== Data under study ==

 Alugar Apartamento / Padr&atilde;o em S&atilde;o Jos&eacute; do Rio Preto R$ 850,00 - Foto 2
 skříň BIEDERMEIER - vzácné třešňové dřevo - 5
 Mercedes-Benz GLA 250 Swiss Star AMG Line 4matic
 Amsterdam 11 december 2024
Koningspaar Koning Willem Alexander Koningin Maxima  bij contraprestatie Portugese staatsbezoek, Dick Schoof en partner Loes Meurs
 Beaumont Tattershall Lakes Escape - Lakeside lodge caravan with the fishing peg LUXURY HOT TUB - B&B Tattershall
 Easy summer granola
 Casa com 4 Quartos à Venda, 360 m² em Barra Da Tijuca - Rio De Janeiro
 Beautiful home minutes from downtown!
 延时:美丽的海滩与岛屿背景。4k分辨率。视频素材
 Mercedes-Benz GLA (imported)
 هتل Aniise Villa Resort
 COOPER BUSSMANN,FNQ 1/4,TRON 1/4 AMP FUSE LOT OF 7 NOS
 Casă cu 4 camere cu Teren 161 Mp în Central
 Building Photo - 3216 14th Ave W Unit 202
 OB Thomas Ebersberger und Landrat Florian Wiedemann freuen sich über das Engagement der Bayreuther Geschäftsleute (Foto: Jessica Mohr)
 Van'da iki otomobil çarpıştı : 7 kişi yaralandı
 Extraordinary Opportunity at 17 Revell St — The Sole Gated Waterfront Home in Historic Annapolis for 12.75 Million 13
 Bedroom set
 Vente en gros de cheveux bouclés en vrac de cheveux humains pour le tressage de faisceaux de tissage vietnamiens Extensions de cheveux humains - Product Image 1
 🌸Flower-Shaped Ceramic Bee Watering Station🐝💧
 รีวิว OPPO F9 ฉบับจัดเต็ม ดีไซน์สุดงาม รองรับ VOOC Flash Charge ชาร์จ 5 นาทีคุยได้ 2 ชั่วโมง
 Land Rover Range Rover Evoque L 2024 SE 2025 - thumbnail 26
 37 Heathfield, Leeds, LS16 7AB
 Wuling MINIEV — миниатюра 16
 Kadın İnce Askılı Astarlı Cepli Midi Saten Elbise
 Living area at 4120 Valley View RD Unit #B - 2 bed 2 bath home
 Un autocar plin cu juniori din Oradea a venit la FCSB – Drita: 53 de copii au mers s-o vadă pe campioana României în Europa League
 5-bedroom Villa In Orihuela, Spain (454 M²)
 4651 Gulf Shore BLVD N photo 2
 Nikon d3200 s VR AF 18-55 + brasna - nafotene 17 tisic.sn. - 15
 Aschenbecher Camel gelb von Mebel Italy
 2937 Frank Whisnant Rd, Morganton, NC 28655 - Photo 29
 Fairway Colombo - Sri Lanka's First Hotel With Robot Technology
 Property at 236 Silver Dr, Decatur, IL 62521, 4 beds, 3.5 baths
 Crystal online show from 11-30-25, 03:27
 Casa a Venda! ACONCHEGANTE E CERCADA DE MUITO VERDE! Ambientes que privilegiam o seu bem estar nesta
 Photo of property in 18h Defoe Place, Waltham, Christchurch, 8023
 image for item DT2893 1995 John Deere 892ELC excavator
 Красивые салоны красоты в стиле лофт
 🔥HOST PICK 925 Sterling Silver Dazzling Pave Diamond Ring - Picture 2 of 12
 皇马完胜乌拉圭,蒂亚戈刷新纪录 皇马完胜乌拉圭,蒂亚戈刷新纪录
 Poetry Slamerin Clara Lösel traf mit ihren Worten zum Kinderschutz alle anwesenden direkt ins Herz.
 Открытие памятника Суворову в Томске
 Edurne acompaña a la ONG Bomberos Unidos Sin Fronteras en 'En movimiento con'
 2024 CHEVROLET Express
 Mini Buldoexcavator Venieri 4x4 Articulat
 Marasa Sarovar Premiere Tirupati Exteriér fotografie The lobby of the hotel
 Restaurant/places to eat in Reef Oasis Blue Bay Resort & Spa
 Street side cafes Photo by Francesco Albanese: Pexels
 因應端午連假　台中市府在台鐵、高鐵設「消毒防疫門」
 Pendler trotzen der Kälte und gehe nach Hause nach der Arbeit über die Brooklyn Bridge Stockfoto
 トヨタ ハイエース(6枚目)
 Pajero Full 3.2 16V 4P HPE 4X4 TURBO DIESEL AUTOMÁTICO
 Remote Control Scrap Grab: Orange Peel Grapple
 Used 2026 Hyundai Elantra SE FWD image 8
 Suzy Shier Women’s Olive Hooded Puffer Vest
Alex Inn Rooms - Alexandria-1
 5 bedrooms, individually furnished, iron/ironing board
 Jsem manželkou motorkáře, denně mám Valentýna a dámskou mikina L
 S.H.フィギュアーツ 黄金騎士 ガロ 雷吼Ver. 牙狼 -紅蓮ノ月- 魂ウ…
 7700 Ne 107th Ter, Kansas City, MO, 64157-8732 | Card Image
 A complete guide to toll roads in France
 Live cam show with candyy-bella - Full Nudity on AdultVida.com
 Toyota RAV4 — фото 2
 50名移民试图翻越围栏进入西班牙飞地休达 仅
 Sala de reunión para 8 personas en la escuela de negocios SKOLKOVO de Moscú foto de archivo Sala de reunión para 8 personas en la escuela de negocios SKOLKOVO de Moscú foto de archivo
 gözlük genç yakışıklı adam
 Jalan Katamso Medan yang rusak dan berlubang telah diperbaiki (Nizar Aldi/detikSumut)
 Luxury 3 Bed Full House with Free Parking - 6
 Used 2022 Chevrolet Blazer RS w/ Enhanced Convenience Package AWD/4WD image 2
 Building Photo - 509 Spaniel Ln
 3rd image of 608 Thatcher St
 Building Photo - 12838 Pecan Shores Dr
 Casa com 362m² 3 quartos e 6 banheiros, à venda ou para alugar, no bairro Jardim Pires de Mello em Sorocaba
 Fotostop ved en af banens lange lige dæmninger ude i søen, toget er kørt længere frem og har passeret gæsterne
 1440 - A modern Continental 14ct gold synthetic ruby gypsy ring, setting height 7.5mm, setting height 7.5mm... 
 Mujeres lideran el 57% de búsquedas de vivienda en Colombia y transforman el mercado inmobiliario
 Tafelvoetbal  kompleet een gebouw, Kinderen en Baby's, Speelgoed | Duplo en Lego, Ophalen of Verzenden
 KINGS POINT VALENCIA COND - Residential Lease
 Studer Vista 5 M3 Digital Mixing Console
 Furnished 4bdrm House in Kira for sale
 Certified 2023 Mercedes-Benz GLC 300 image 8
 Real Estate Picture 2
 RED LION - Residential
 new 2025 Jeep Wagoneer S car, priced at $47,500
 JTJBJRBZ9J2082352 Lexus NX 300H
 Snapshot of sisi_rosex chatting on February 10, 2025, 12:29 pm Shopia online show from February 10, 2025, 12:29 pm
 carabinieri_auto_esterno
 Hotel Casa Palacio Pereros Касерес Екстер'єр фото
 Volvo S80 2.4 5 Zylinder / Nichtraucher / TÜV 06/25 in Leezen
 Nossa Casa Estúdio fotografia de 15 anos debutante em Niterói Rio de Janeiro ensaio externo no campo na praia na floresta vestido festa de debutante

===

Instructions for the task. Give back exactly the lines above starting at the line where "Real Estate Picture 2" appears and ending at the line where "Hotel Casa Palacio" appears, both included, with no other lines.

Written answer.
 Real Estate Picture 2
 RED LION - Residential
 new 2025 Jeep Wagoneer S car, priced at $47,500
 JTJBJRBZ9J2082352 Lexus NX 300H
 Snapshot of sisi_rosex chatting on February 10, 2025, 12:29 pm Shopia online show from February 10, 2025, 12:29 pm
 carabinieri_auto_esterno
 Hotel Casa Palacio Pereros Касерес Екстер'єр фото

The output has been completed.